Honestly, I'm not sure why I feel so deeply over this. No one I knew or loved was lost, or survived and lost everything. But I have been truly heartbroken in the last almost three weeks. I have wept as if I was the one who lost my family. I have prayed as if it was my family missing. I have begged God for miracles as if it were my children buried in the mud. And I am angry at God as if it was me He said no to. I feel like an angry toddler sulking in the corner right now. 

I have wrestled with God. And the outcome is not what I expected.

One family all went to a baseball game together. They lost everything except, miraculously, their dog who was at home and survived. Another family is completely gone. Mom. Dad. 2 little boys. Another mom was at work and lost her husband and three of her four children. The one that survived only had a few scrapes and bruises. Somehow another mother was able to hold onto her 5 month old and they both survived. There are multiple couples where one survived and the other didn't and they were sitting in the same room. Love stories ended in 60 seconds.  

How can you hear these stories and not wonder?

Some of the things I've considered in the last couple weeks are just plain ridiculous. Like never wanting to be separated from my family. As in, not even long enough to grocery shop alone. Like using our credit card to become completely 'prepped' (like crazy style). 

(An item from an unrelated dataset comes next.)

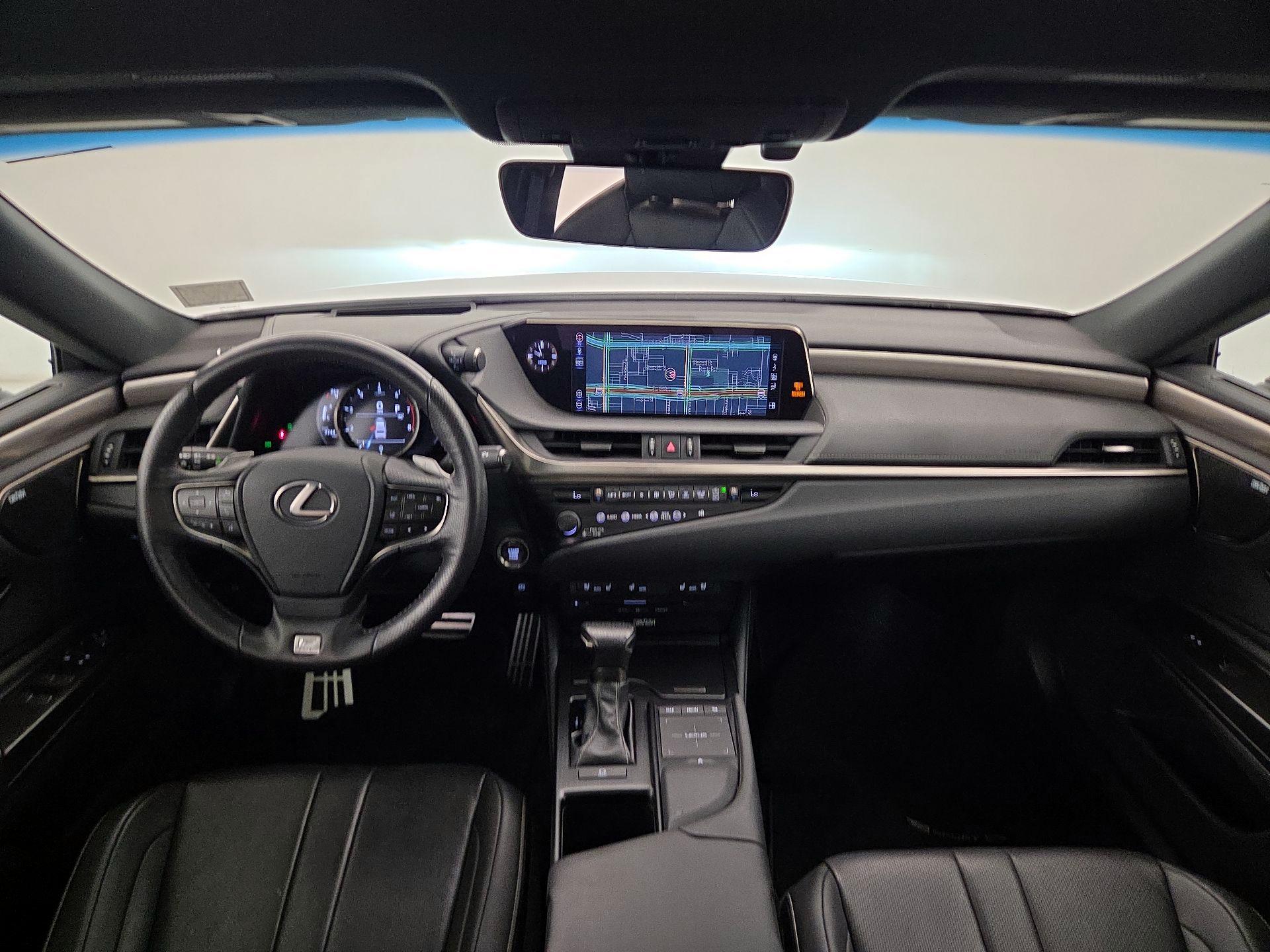 Thumbnail: 2019 Lexus ES - 9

And I think a legitimate response to so much loss is fear. Fear about what you would do if faced with such loss. Fear about what really matters. 

And yet. And yet. 

FEAR NOT, says God. My perfect love casts out fear. You can not grasp how wide and long and high and deep My love for you is. 

And I wonder if God isn't calling us to be Abraham. To lay the things, the ones, we love on the altar. To trust Him- and this is big- even if he doesn't provide a ram this time. Oh how my heart aches laying my sweet babies at Christ's feet, even knowing that His love for them is unfathomably greater than my unfathomable love for them. My heart breaks just figuratively laying them down, letting go, and backing off. I am afraid that there will be no ram for me. That God will require of me that which I can not imagine. But they are not mine. They have never been mine. They are His. They have always been His. 

And I am not to live in fear of what might be. I am to live in trust of what IS. 

And here's the unexpected result of my wrestling, the almost offensive truth. That if what I believe is true, then those who are 'lost' are better off at home with Christ then here on earth with the ones who love and miss them. Even those sweet babies. And although grief and mourning are legitimate- underneath it all should be joy and rejoicing. 

I do not know how to reconcile these opposing emotions. I do not know how anyone could. But if you follow the words we say, about the faith we claim, about the Bible we read, about the God we profess to their logical conclusion- then despair and fear have no place in our hearts. In fact, if we truly believe what we say we do- then death is not something to be feared. It is something to look forward to, meeting our bridegroom face to face. 

I have no idea how I would get through the loss these families are dealing with. I'm a complete wreck just imagining it but after almost three weeks of constant prayer what I do know is that I am to live my life, I am to raise my boys, as if they are on an altar. Every day, every night, sometimes moment by moment- I need to relinquish the illusion of ownership. 

And I've been considering what this means for me in my day to day life. I don't feel like it means we shouldn't be wise and prepare for emergencies/natural disasters (like 3 days, 3 ways) but I do feel like 'prepping' isn't for me. The idea of being able to survive 'the end of the world' because I had a big enough stockpile is not what I'm called to as a Christian. As a Christian, my hope should be to go home- not survive here longer. I'm also not sure what it means for me and our budget. I, along with many I know, admire and (are trying) to follow Dave Ramsey's advice but sometimes I think we can get sidetracked by our focus on preparing for the long term (financially) that we forget to ask God about the now. 

I'd be interested in hearing your thoughts, your heart. What has Oso, or some other unexpected event, done in your heart to your faith?

If you find what I've written offensive in someway, please be kind. These are simply the musings of a hurting heart. I really would love to hear your thoughts.